EXERCISE DATA:
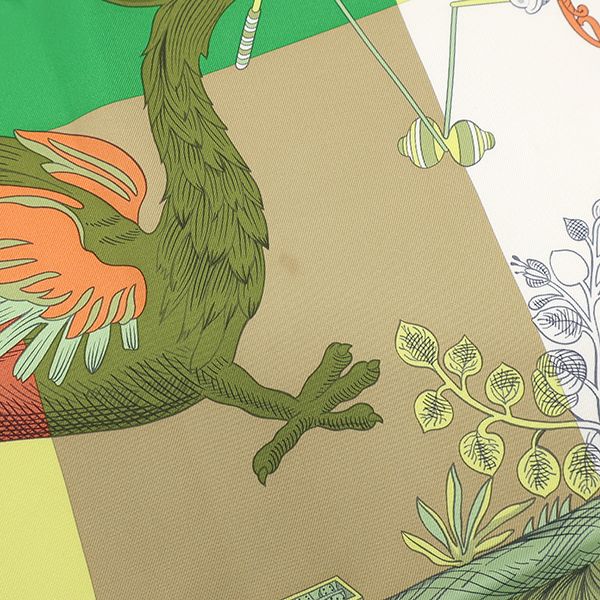 Hermes Scarf Carre 90 Carre Silk Green Yellow and Orange [della Cavalleria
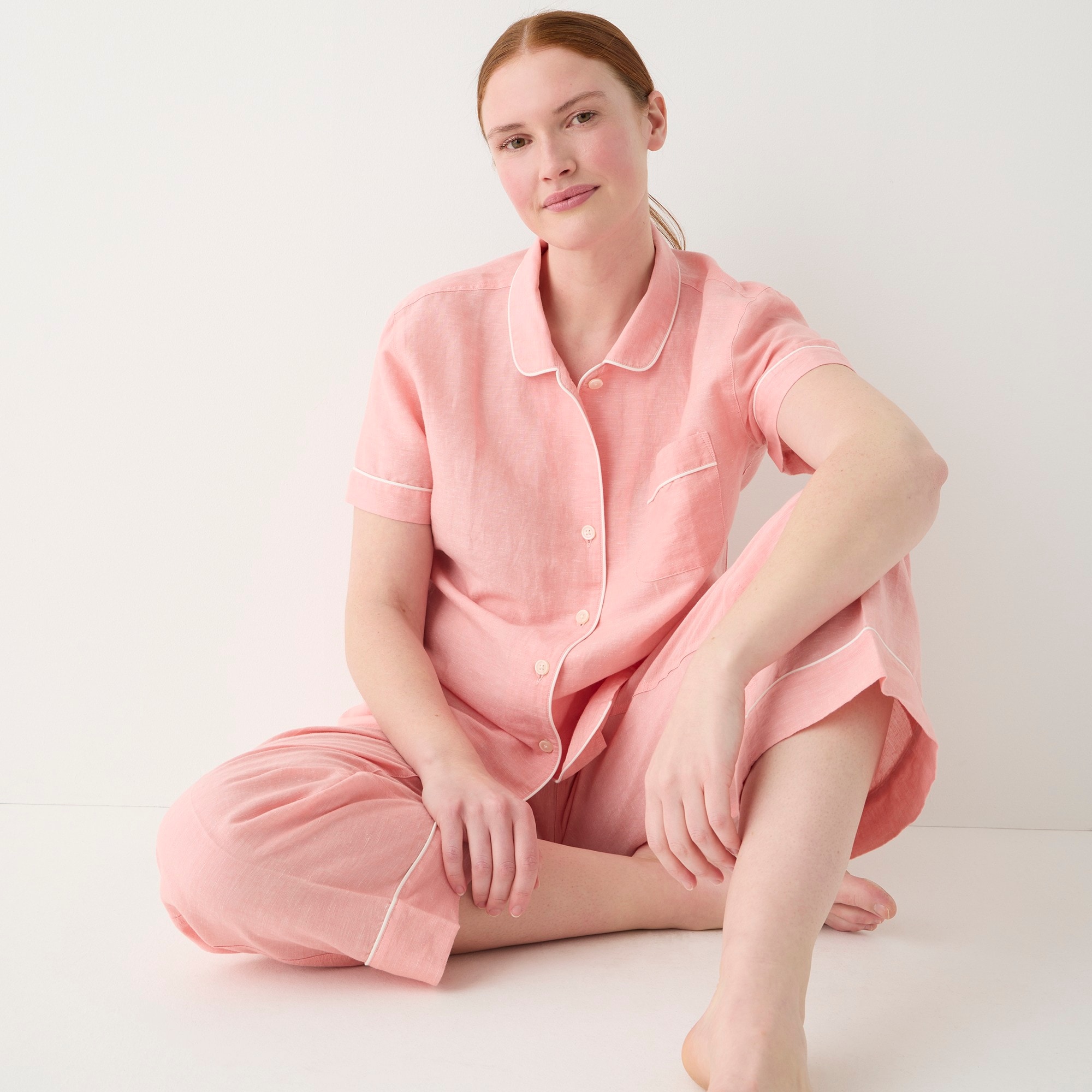 Linen-cotton short-sleeve pajama set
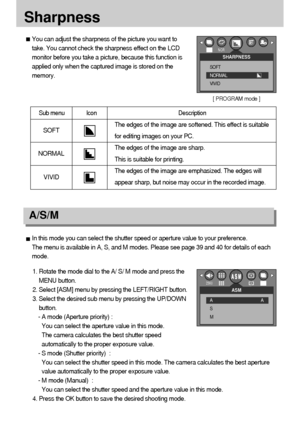 Page 5252SharpnessIn this mode you can select the shutter speed or aperture value to your preference.
The menu is available in A, S, and M modes. Please see page 39 and 40 for details of each
mode.
1. Rotate the mode dial to the A/ S/ M mode and press the
MENU button.
2. Select [ASM] menu by pressing the LEFT/RIGHT button.
3. Select the desired sub menu by pressing the UP/DOWN
button.
- A mode (Aperture priority) :
You can select the aperture value in this mode. 
The camera calculates the best shutter speed...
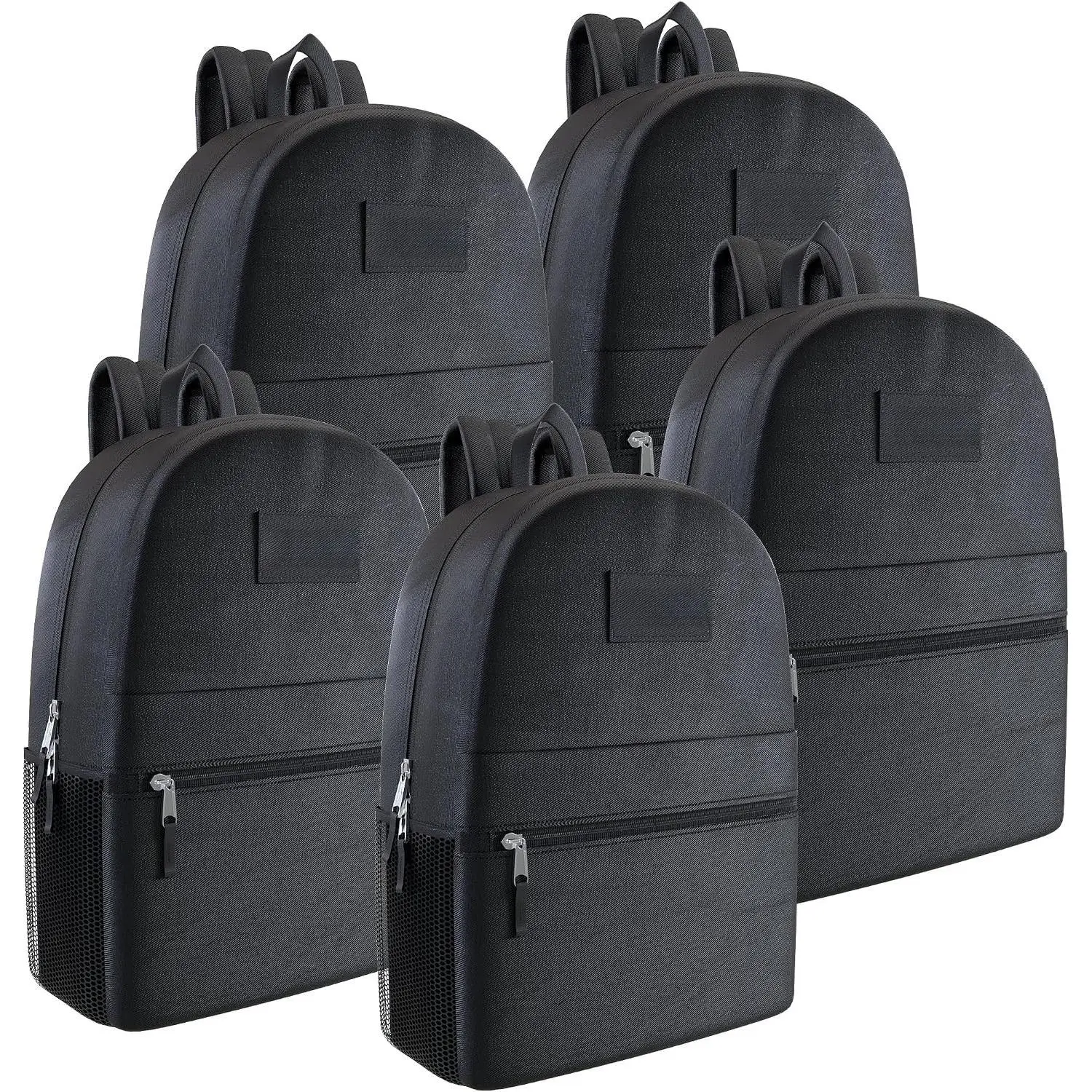 10 Pack Bulk Backpacks, Wholesale 17-Inch Lightweight Bookbags for , Adults, School, Classroom, Travel, Gym with 1 Large, 1 Small, 2 Side Pockets,  for Events, Corporate , Black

BRIEF: Begin with the first line of the entries above and write out each line exactly, ending with the line containing "3. Select the". Leave out pictures.

RESULT FOR THIS EXERCISE:
 Hermes Scarf Carre 90 Carre Silk Green Yellow and Orange [della Cavalleria
 Linen-cotton short-sleeve pajama set
 Page 5252SharpnessIn this mode you can select the shutter speed or aperture value to your preference.
The menu is available in A, S, and M modes. Please see page 39 and 40 for details of each
mode.
1. Rotate the mode dial to the A/ S/ M mode and press the
MENU button.
2. Select [ASM] menu by pressing the LEFT/RIGHT button.
3. Select the desired sub menu by pressing the UP/DOWN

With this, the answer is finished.